Congress: Is Opposition To War Spending Growing?

A debate is looming on Afghanistan war spending. A small number of Senators are raising concerns with the cost while others are opposed to the President’s war policy.

The President asked Congress for $33 billion for an additional 30,000 troops for Afghanistan. That request has since been inflated to include $2.8 billion for Haiti, $5.1 billion for national disasters and $13.4 billion for Vietnam-era disabled veterans suffering from Agent Orange.

Despite a pledge by President Obama to stop seeking war money through the supplemental process, another one has appeared before Congress.

Because the spending request is considered an emergency, it is outside the normal budget process, therefore borrowed on the country’s credit card to be paid back later.

President Obama is continuing the tradition. It is how most of the $1 trillion for the wars in Iraq and Afghanistan has been supplied.

According to a letter President Obama sent House Speaker Nancy Pelosi in April, 2009, “Since September 2001, the Congress has passed 17 separate emergency funding bills totaling $822.1.”

Fiscal hawk, Senator Tom Coburn (R-Okla), said he would block the funding request until other budget cuts are approved.

“By definition, emergency spending must be unforeseen. The last day war funding was unforeseen was September 10, 2001. Yet, for the past nine years both parties have enabled the other’s desire to avoid hard choices,” Coburn said in a statement.

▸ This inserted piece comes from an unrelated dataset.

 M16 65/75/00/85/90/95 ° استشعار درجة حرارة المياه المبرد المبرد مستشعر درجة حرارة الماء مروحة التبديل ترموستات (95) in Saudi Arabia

While fiscal conservatives have been objecting to spending for the stimulus and health care, they usually support war. Senator Coburn’s objection is the first from a Republican in the Senate. In the House, Republicans Ron Paul (Tex.) and Walter Jones (N.C.) have long opposed the wars and war spending.

Tom Andrews is a former member of Congress from Maine and current President of the Win Without War Coalition. He said “it’s incredible” that another supplemental has come down the pipeline. “Another year anther supplemental,” Andrews said.

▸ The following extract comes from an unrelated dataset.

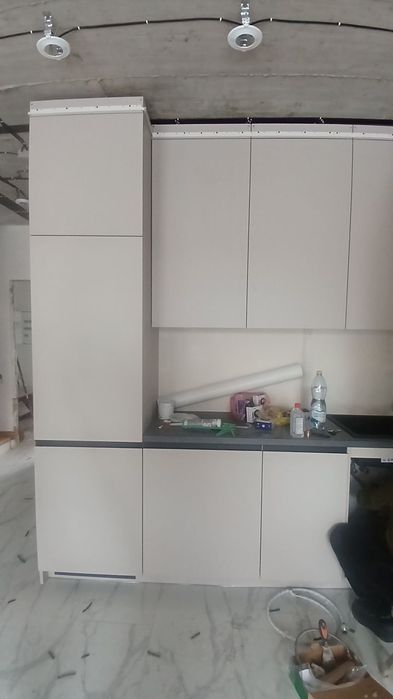 С Ремонтом и кухней новый таун 4спальни/+ студия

Chair of the Appropriations Committee, Daniel Inouye, defends the bill as “both austere and responsible.”

Meanwhile, liberal Democrats have often opposed war funding citing their objection to the wars.  House Speaker Nancy Pelosi has said that it would be difficult to find the votes to pass the war funding bill.

Senator Russ Feingold (D-Wis.) proposed that the President submit a concrete time line for a US troop withdrawal from Afghanistan. The President has outlined a troop withdrawal to being in July in 2011, but the pace could be slow and prolonged.

It is unclear if Senator Feingold will receive a vote on his measure.

Looking ahead, lawmakers are targeting the future cost of the war. The  President’s 2011 war request is tucked into the budget, the first time since the wars began.

The war budget combined with the regular Defense budget brings the FY2011 military request to $708 billion – $549 billion for the Defense Department and $159 billion for the wars.   Representative Alan Grayson (D-Fla.) called attention to the amount.  Grayson called on President Obama to pay for the wars within the gigantic defense budget.

Grayson said, “$549 billion is plenty, particularly when we are using a Chinese credit card to pay for it all.”

Grayson’s proposal would use the $159 billion savings to excuse the first $35,000 of income from taxes.